85yo Nobel Winner Process Wisdom

Gravitational Waves.

Who knew they could be so much fun?

Einstein predicted them, back in 1916. Then worried that they may never be observed.

A concern happily confounded a century on by a Nobel prize winning trio of scientists.

It is perhaps futile for me to try and describe this key micro presence of our universe.

Yet we can take much selling hope from the crack lab set that just won this year’s top worldwide physics accolade from a lifetime’s work that eventually enabled them to see the once-mystical waves.

Their project is called the Ligo experiment, standing for Laser Interferometer Gravitational-Wave Observatory. (Poor old ‘W’.)

I heard 85-year old team member Rainer Weiss revel in his overnight success. Forty years-plus with a thousand colleagues’ help in the making. Here’s his work-related train of thought when asked, “did you ever lose faith?”;

“… in all that time, we didn’t always think of the end.

In fact, the process was so much fun.

And so interesting.

And that’s what’s keeps you going …

You don’t think about, ‘[oh no] I have not detected gravitational waves today’

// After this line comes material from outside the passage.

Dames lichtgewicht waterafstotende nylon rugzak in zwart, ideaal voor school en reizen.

No, you’ve made progress along the physical and technical direction …

The process – and the people you’re working with – make it all much, much more interesting and make it a pleasure.”

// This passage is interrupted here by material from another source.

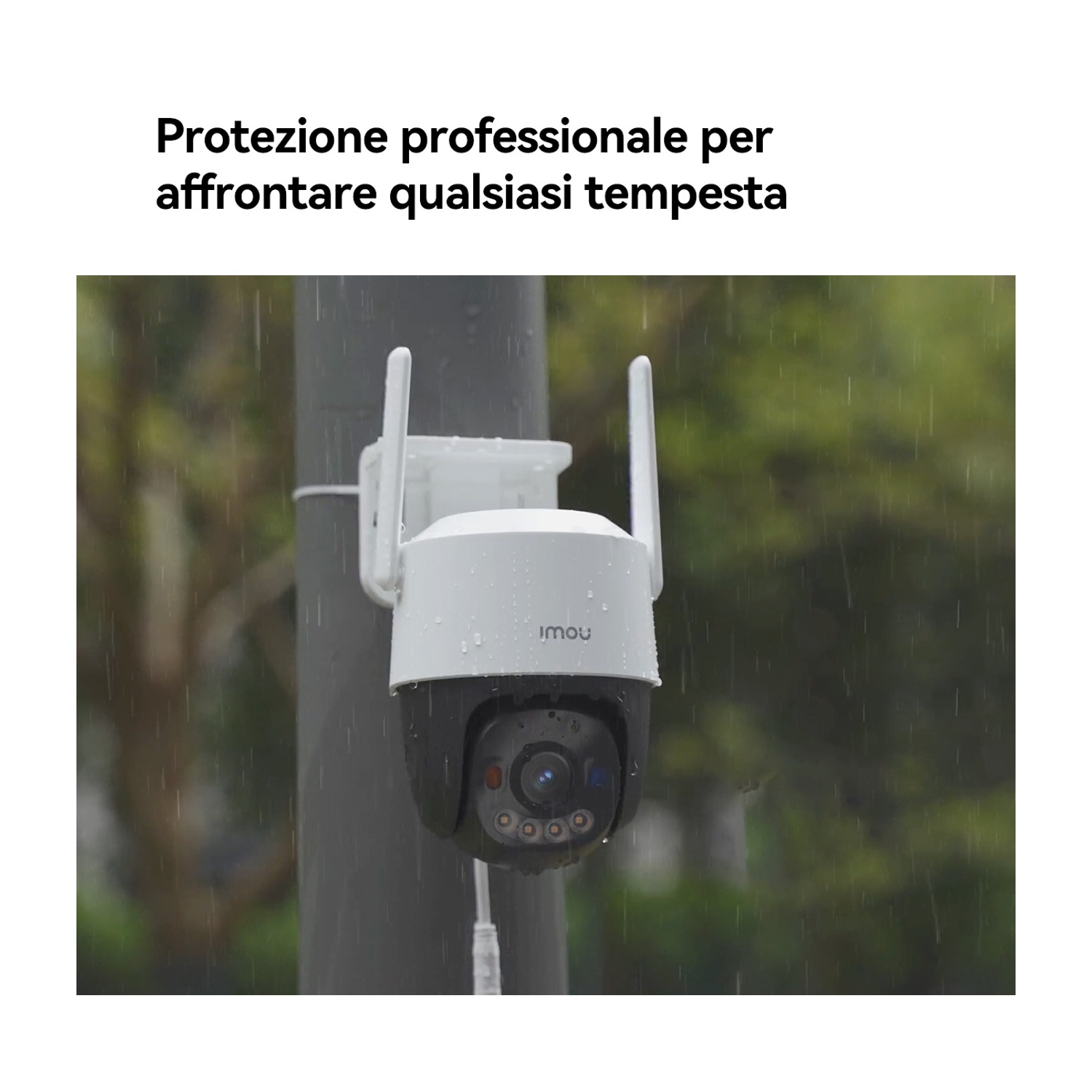 Una telecamera di sicurezza bianca e nera con antenne è montata su un palo. Sta piovendo. La telecamera ha il marchio IMOU.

He further surmised that ‘the end point isn’t “the driver” ‘.

Any process junkie (like me) – and they tend to include every single quota-busting salesperson and sector leading sales team leader – will warmly appreciate such sentiment.

It is the accomplishment of the broken-down, component steps along the way that make the prize attainable. Not outright pursuit of the prize itself as your goal.

As it is in Nobel garlanded results as it is in selling.

Have you got your process similarly sorted yet?